It was a profound question, metaphorically speaking. Non-metaphorically speaking, it was just annoying. I set the garbage bags down and crossed my arms. Bowzer whimpered, wondering, perhaps, what the holdup was. My mother looked down at him and said nothing. I lowered my head, breathing in the cold air around me. I had been wrong. She had been wrong. The incident at the Hardee’s, the hanging up, had not been an isolated incident. She really was different now. She was unreliable, distracted, preoccupied with something big that was not me.

I heard a door open on the other side of the driveway. My mother and I, aware that we were being watched, turned to see a tan, blond woman in a purple jogging suit. We smiled. The woman did not smile back. “Nice party,” she muttered. She let her gaze fall to the two bags of garbage before she turned around and slammed the door.

I closed my eyes. “Can I just have a ride to the dorm? Or do I need to call Highway Patrol again?”

When I opened my eyes, she was looking at me as if she wanted to hug me, but she was holding Bowzer, and the blanket, and the strap of her bag was sliding down her arm. She jerked her head forward and raised her hand, an invitation to follow.
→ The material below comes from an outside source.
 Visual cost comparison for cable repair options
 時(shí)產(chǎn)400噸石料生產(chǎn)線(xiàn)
We were still several feet from her van when I noticed the stained glass lampshade balanced against one of the back windows. It had been my grandmother’s. She’d had it in her house in New Hampshire, and then in her room in Kansas City, at the nursing home. A television screen faced out of the van’s other back window, an end table resting on top of it.

My mother shook her head. “Just don’t say anything, okay? Just don’t ask.” She sounded tired, and annoyed, as if I were pestering her about something we’d been over a million times. When she got close to the passenger door, she gestured for me to take Bowzer from her. I set down the bags and took him, watching her face as she fished in her coat pockets for her keys. She kept her chin tucked low, her jaw set, her eyes away from mine. When she opened the passenger door, she had to put her arms up quickly to keep two cardboard boxes from falling to the ground. Without a word, she set the boxes on top of the vacuum, which was lying on some blankets on the first long seat.

She opened the front passenger door for me and then walked around to the driver’s side. My seat was littered with empty Diet Pepsi cans and a half-empty box of Wheaties. On the floor mat sat Bowzer’s food bowl, alongside an old Cool Whip container full of water. I moved things around with my free hand and climbed in, still holding Bowzer. Once my mother was in her seat, he whimpered and tried to jump over the gearshift to her lap, but I held him back. He rested his chin on my arm, resigned. “It’s okay,” I said, stroking his chest. He still had the fat pocket, but everywhere else, he was so thin. I could feel his bones under his fur.

I was six when my father first brought him home in a plastic crate, with his tiny bark and big puppy claws, a red bow around his neck. My mother had been annoyed. She didn’t want a dog. She had told my father a cat, maybe a cat, but a dog would be too much. She was defeated, outnumbered, the moment Bowzer nosed his way out of the box with a red bow around his neck. Elise and I shrieked with delight and then took him outside to play. It was a sunny autumn afternoon, and the air smelled like burning leaves. My father carved a pumpkin on the back deck while Elise and I ran in circles, letting the still unnamed puppy chase us and yip at our heels.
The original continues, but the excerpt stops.